This Classical Heartwood Ngoma Drum - 11x38 - Ashiko Style (n-GO-muh) drum is carved to be lightweight and compact, making it well suited as a travel drum. The body style is a straight taper from top to base, both inside and outside dimension, similar to an extra-tall ashiko shape. The ngoma (n-go-mah) drum comes from the Congo and surrounding areas, and produces a sound similar to the conga or tumbadora drum. Our ngoma drums are hand-carved in West Africa from a solid, seasoned log of Mansonia wood. These ngomas will sound great as part of any Latin or Afro-Cuban ensemble, but are specially suited for traditional Congolese drumming. The ngoma is played standing with drum tilted, secured by a waist strap.Features:Average 11in playable surface, 38in tall
Thick cow skin head gives it that powerful, warm tonal sound
Ledge carved for bottom ring to help keep it in place for even sound distribution
Hydrated with coconut oil and shea butter to preserve shell, with outside surface sealed with a light coat of lacquer to lock in moisture
New black nylon rope, pre-stretched and comfortable to handle
Cloth covered rings ensure long rope life
Extra tuning rope included, easily tuned using the Mali weave technique
Comes to you with the verticals tuned up and diamonds started, ready to play
*Note that the sound holes are only carved in the 13x44 Large size Ashiko-style Ngoma, not the 11x38 size.

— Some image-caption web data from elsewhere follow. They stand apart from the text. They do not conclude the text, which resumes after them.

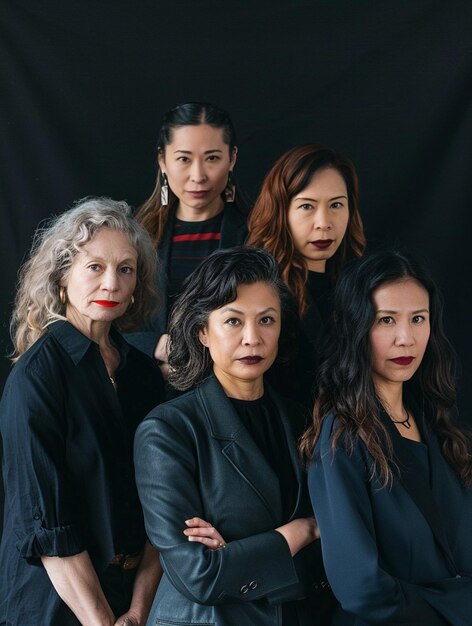 Confident Diverse Women in Professional Attire Against Black Background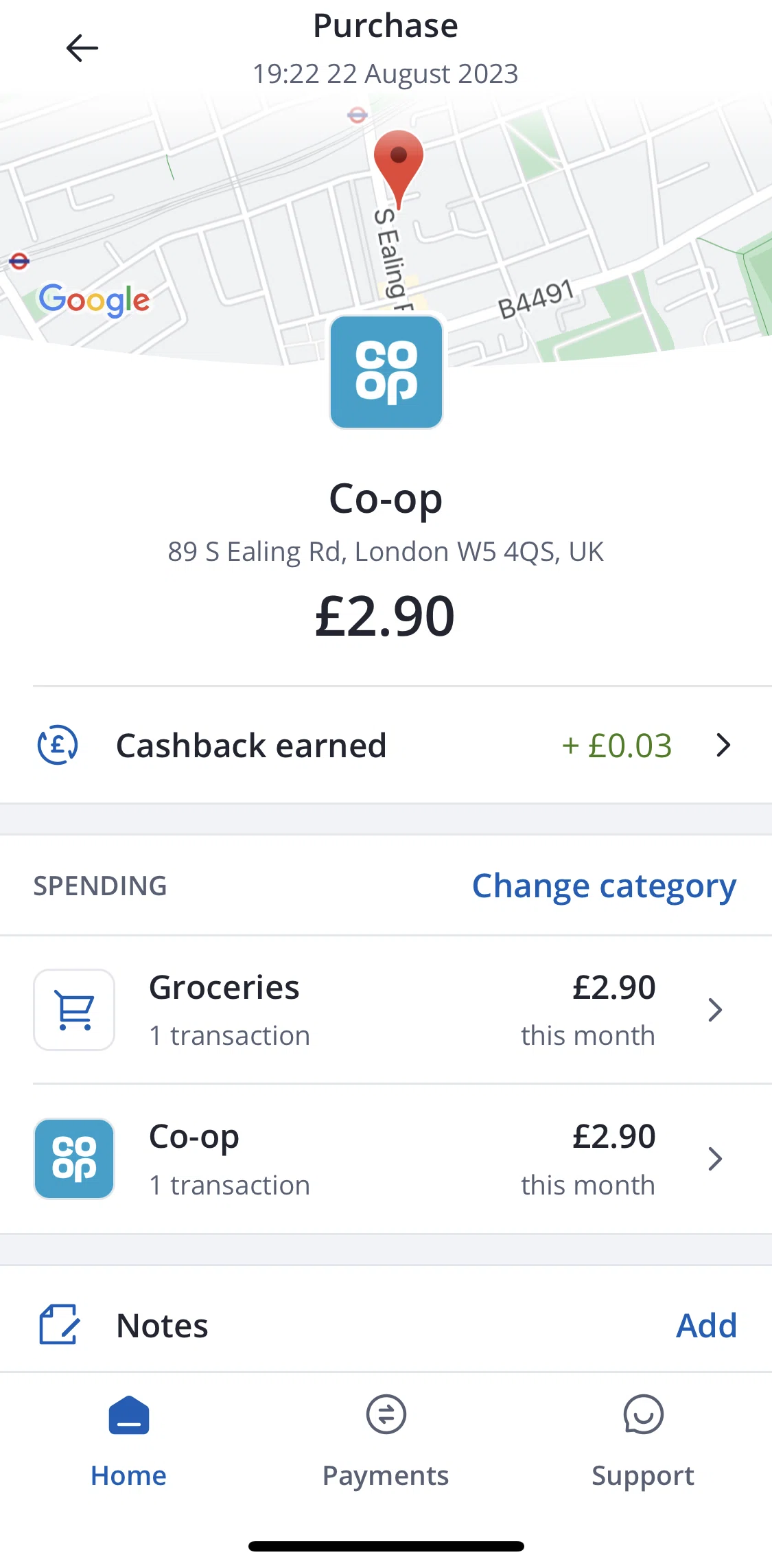 Chase UK Screen screen in the Cashback earned flow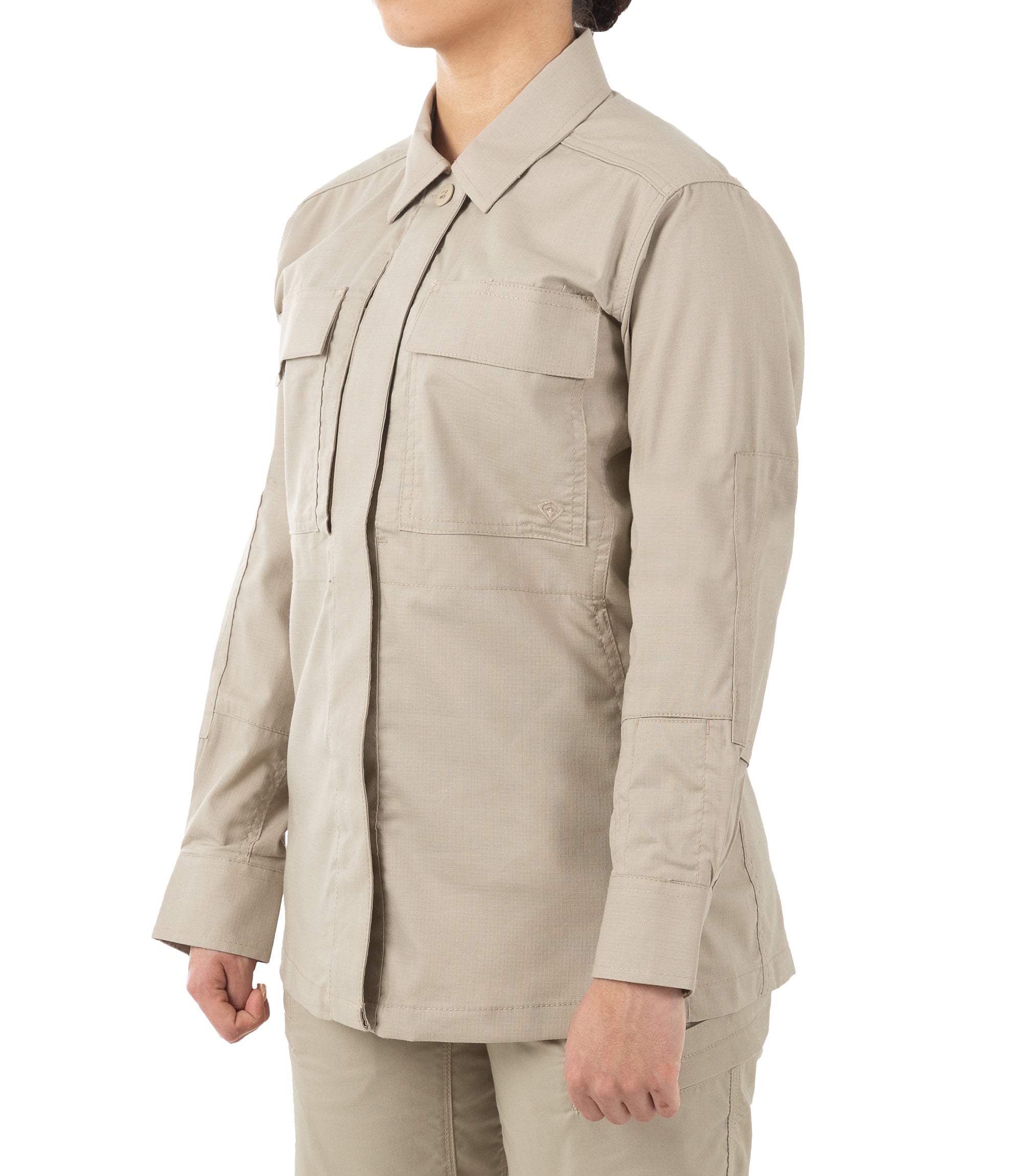 Side of Women's V2 BDU Long Sleeve Shirt in Khaki |color_khaki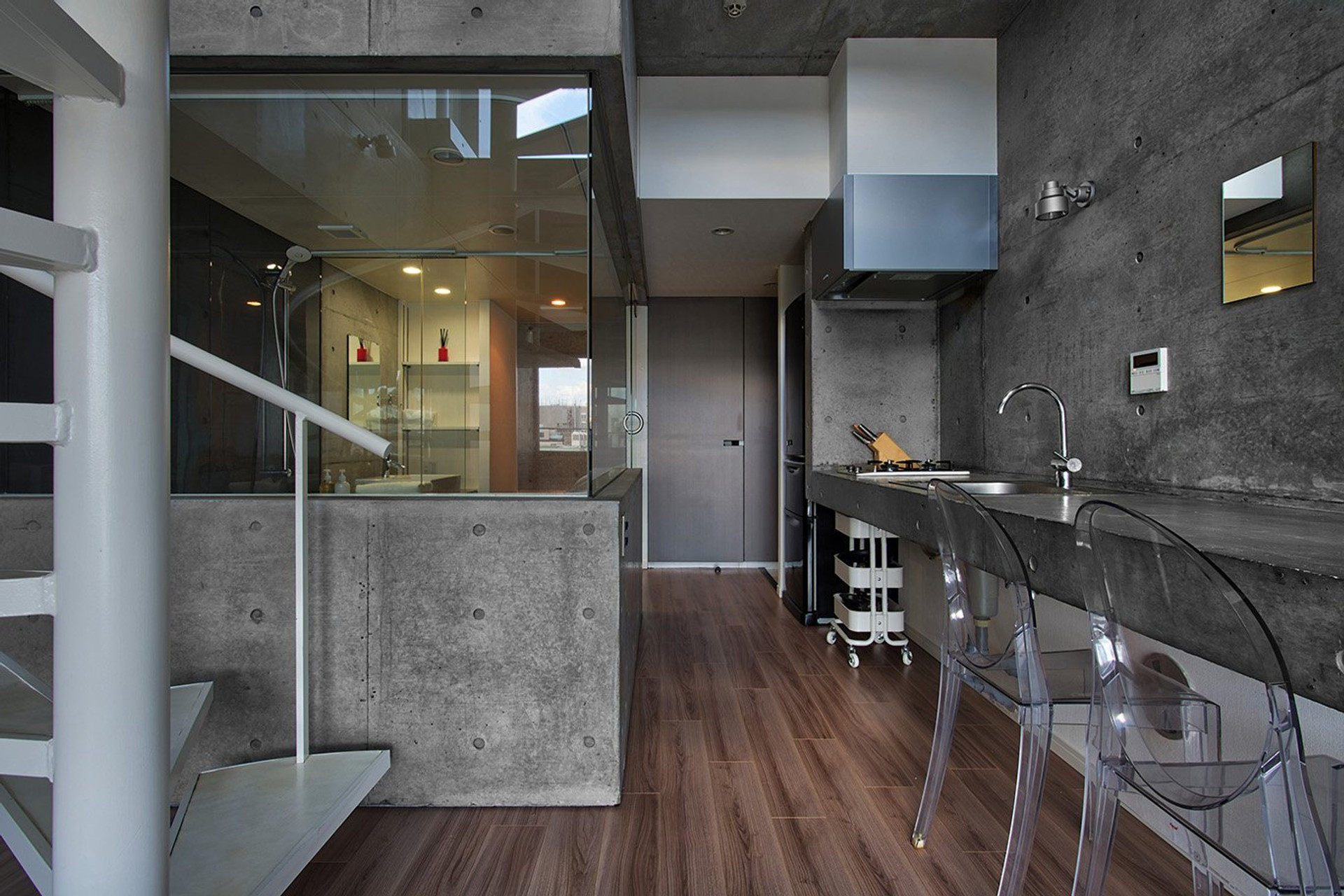 Kitchen counter with clear chairs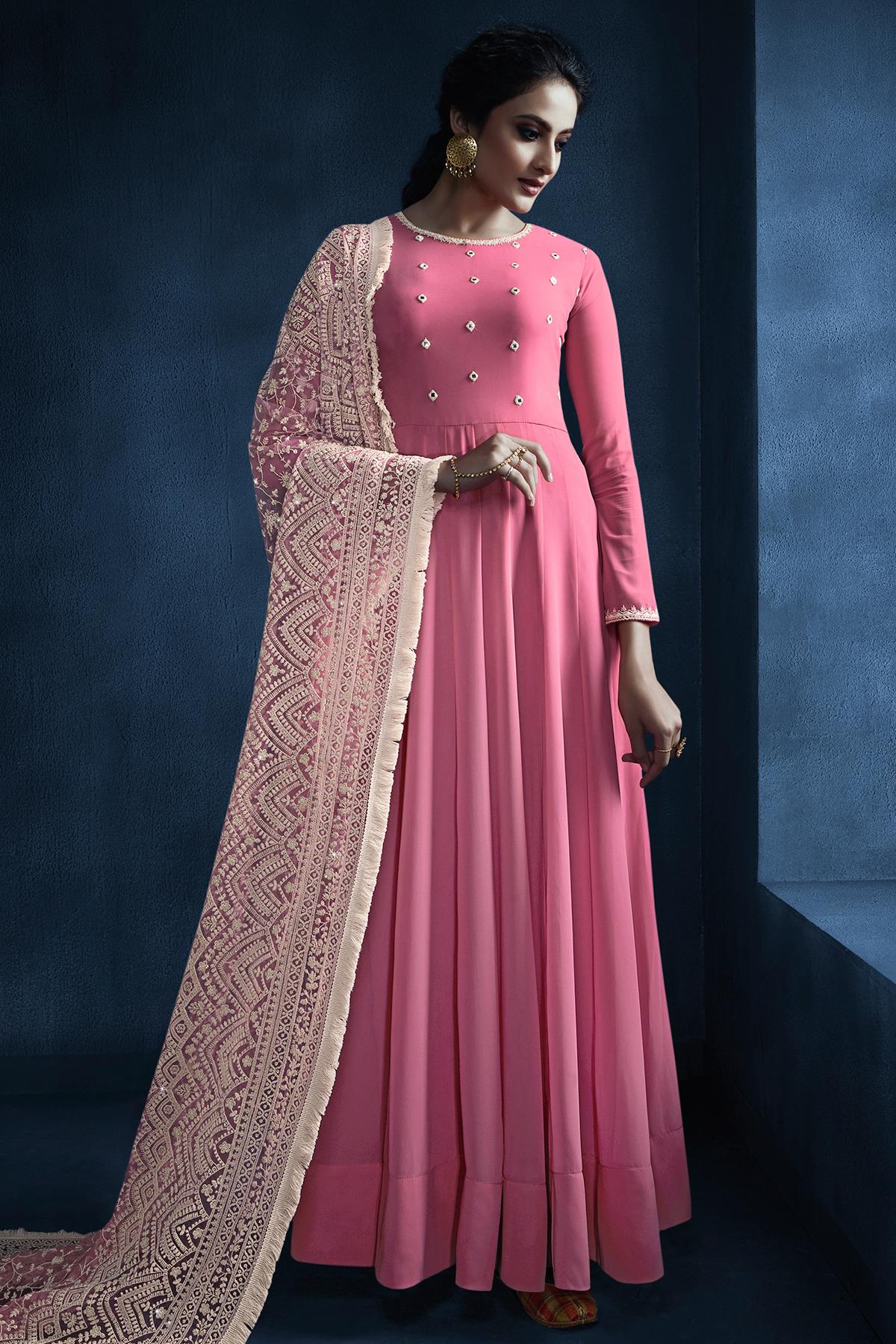 Baby Pink Designer Georgette Gown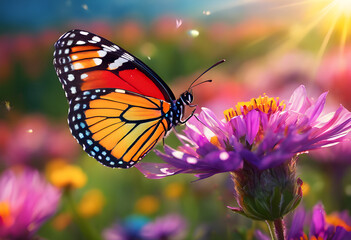 Fototapeta premium A bright orange butterfly sits on a flower, against a background of green grass. Sunlight shines through, revealing the details.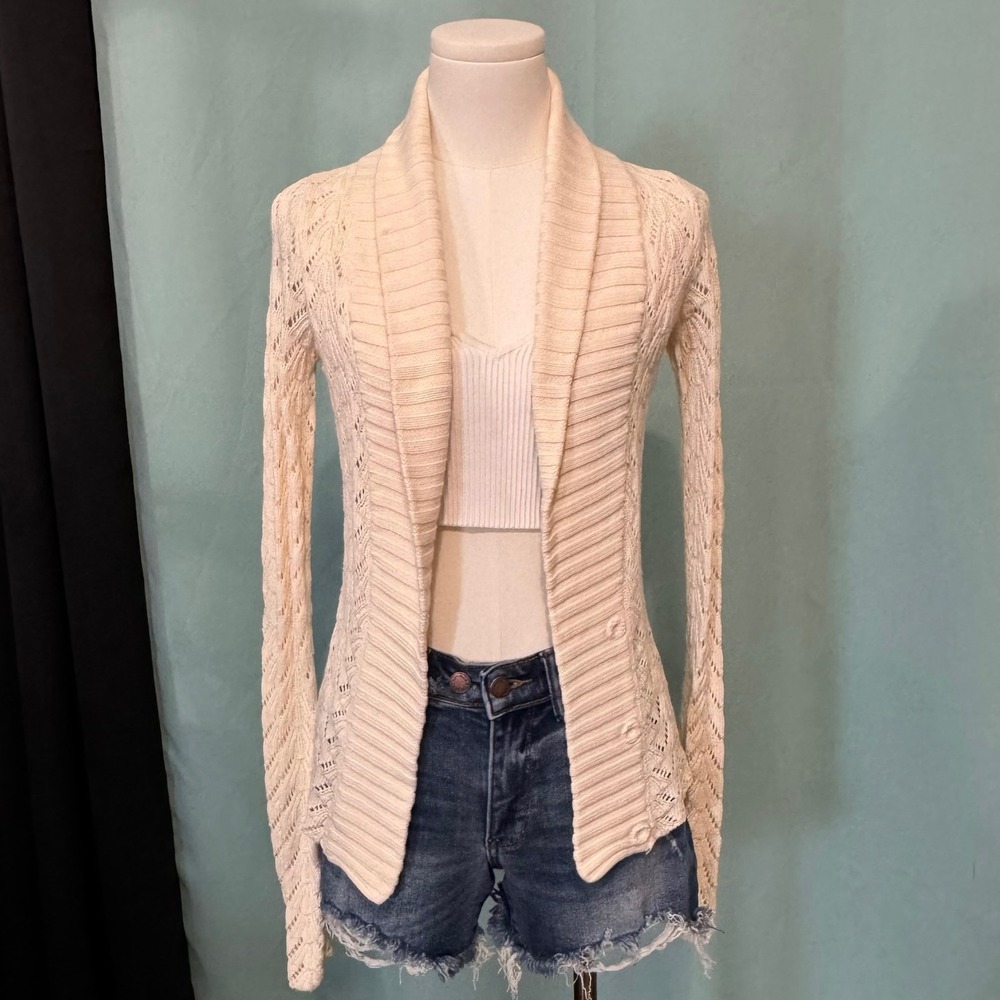 Hollister Pointelle Vintage Knit Cardigan Cream S Collar Cottagecore Boho Preppy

Design note: Each of our ngomas are hand carved, so the exact shape will vary somewhat from the pictures shown. However, the sound and general construction will be as described, and similar to the representative photos shown above.
* After import from Africa, each instrument is cleaned, inspected, tuned, and played individually to check sound and quality.
* Excellent sound quality from solid handcarved wood shell and natural West African cow skin.
* This Ngoma sounds geat as part of any Latin or Afro-Cuban ensemble, but are specially suited for traditional Congolese drumming.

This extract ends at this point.